The next image illustrates how sigmoid calibration changes predicted
probabilities for a 3-class classification problem. Illustrated is the standard
2-simplex, where the three corners correspond to the three classes. Arrows point
from the probability vectors predicted by an uncalibrated classifier to the
probability vectors predicted by the same classifier after sigmoid calibration
on a hold-out validation set. Colors indicate the true class of an instance
(red: class 1, green: class 2, blue: class 3).

.. figure:: ../auto_examples/calibration/images/sphx_glr_plot_calibration_multiclass_001.png
   :target: ../auto_examples/calibration/plot_calibration_multiclass.html
   :align: center

The base classifier is a random forest classifier with 25 base estimators
(trees). If this classifier is trained on all 800 training datapoints, it is
overly confident in its predictions and thus incurs a large log-loss.
Calibrating an identical classifier, which was trained on 600 datapoints, with
method='sigmoid' on the remaining 200 datapoints reduces the confidence of the
predictions, i.e., moves the probability vectors from the edges of the simplex
towards the center:

.. figure:: ../auto_examples/calibration/images/sphx_glr_plot_calibration_multiclass_002.png
   :target: ../auto_examples/calibration/plot_calibration_multiclass.html
   :align: center

This calibration results in a lower log-loss.

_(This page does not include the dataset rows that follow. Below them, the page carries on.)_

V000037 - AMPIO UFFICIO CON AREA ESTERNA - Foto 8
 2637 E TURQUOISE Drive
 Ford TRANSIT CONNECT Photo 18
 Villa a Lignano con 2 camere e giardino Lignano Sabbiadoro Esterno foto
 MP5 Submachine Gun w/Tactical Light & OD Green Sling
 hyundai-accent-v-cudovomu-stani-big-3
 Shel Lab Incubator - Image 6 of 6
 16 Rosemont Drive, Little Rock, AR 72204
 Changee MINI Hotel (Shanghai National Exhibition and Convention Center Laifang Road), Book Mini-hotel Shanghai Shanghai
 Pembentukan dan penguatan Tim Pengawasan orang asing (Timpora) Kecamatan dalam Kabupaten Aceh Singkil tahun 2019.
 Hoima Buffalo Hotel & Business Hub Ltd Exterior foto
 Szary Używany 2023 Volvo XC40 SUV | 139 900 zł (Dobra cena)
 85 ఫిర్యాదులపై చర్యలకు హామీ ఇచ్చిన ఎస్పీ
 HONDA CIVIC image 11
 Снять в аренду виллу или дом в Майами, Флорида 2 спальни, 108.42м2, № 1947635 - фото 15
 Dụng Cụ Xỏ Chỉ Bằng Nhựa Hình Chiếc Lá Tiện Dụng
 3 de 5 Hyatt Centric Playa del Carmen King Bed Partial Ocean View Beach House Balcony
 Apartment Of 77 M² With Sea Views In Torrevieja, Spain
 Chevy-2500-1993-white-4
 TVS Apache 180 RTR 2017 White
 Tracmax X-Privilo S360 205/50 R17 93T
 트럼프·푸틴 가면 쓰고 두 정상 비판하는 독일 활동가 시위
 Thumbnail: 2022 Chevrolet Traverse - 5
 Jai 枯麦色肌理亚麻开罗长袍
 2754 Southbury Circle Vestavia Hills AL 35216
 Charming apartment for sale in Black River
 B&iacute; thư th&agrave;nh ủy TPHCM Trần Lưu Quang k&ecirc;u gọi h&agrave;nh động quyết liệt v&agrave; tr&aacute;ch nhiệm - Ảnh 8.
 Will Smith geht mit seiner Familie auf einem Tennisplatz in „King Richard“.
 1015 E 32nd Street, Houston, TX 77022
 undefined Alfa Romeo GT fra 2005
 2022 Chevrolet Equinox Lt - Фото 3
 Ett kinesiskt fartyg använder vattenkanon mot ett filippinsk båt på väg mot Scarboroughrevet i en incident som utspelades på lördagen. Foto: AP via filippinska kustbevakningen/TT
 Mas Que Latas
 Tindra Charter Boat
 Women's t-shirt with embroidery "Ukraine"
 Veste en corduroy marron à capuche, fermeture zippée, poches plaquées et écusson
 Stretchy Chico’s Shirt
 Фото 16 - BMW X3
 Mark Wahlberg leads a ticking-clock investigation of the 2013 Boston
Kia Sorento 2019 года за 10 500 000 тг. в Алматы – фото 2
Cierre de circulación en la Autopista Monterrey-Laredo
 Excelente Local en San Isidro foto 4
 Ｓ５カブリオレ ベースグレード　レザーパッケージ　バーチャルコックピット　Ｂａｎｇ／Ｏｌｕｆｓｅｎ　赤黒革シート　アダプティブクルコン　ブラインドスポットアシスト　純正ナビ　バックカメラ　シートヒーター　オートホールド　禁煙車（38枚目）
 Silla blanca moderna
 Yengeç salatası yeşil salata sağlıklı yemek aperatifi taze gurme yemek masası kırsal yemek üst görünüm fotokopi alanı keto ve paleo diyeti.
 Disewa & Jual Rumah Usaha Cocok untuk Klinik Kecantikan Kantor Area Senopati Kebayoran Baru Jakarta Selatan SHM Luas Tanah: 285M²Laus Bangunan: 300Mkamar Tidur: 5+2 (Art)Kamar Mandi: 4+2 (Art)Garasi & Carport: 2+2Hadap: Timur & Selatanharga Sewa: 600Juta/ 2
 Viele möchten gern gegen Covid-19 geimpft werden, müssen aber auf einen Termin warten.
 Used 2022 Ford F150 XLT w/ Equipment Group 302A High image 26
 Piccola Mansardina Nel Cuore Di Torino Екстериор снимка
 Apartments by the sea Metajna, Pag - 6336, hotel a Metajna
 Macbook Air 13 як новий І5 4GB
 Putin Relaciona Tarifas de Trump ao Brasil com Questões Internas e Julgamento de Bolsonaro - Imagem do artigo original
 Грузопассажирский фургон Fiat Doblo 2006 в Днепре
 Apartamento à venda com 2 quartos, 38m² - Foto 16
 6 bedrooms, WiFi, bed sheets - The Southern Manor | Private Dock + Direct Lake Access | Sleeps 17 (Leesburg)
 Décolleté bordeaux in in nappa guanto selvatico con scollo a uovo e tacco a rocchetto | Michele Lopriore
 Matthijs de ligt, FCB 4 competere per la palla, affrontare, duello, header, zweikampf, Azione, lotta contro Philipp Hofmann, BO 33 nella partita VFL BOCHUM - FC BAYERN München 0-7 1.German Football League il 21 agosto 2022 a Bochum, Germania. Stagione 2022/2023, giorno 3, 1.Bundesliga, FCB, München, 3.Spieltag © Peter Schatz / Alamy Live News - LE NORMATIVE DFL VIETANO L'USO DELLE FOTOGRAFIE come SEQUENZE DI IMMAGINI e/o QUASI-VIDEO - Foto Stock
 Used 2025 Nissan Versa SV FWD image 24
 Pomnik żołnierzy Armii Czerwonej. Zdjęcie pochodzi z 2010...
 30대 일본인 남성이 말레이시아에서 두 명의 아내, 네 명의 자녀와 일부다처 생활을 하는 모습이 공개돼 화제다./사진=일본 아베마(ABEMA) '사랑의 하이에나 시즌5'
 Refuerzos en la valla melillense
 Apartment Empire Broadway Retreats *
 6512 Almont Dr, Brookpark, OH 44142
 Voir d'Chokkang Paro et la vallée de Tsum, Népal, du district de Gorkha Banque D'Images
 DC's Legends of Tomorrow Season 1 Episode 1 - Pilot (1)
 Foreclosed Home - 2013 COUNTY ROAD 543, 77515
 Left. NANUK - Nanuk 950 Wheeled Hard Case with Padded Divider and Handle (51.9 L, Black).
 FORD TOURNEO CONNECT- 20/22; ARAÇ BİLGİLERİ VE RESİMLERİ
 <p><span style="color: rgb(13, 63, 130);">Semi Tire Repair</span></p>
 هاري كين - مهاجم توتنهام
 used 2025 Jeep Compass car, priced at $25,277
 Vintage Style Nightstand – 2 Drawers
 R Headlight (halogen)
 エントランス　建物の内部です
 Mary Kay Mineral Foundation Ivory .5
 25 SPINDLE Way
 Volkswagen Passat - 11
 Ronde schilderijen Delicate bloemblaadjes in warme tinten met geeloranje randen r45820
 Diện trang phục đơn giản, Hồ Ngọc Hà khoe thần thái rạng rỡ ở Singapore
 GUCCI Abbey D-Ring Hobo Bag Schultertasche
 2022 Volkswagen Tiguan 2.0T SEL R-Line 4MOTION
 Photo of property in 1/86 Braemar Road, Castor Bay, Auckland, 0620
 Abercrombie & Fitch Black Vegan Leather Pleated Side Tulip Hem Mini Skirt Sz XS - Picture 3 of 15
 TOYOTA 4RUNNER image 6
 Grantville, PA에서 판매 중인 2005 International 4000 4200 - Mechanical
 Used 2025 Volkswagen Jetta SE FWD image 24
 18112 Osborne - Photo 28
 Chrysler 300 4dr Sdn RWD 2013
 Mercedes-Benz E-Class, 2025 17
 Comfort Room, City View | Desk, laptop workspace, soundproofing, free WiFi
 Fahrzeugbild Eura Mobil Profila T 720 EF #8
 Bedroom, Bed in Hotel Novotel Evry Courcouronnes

Note that an alternative would
have been to increase the number of base estimators which would have resulted in
a similar decrease in log-loss.

.. topic:: References:

    * Obtaining calibrated probability estimates from decision trees
      and naive Bayesian classifiers, B. Zadrozny & C. Elkan, ICML 2001

    * Transforming Classifier Scores into Accurate Multiclass
      Probability Estimates, B. Zadrozny & C. Elkan, (KDD 2002)

    * Probabilistic Outputs for Support Vector Machines and Comparisons to
      Regularized Likelihood Methods, J. Platt, (1999)

    .. [4] Predicting Good Probabilities with Supervised Learning,
           A. Niculescu-Mizil & R. Caruana, ICML 2005

    .. [5] On the combination of forecast probabilities for
           consecutive precipitation periods. Wea. Forecasting, 5, 640–650.,
           Wilks, D. S., 1990a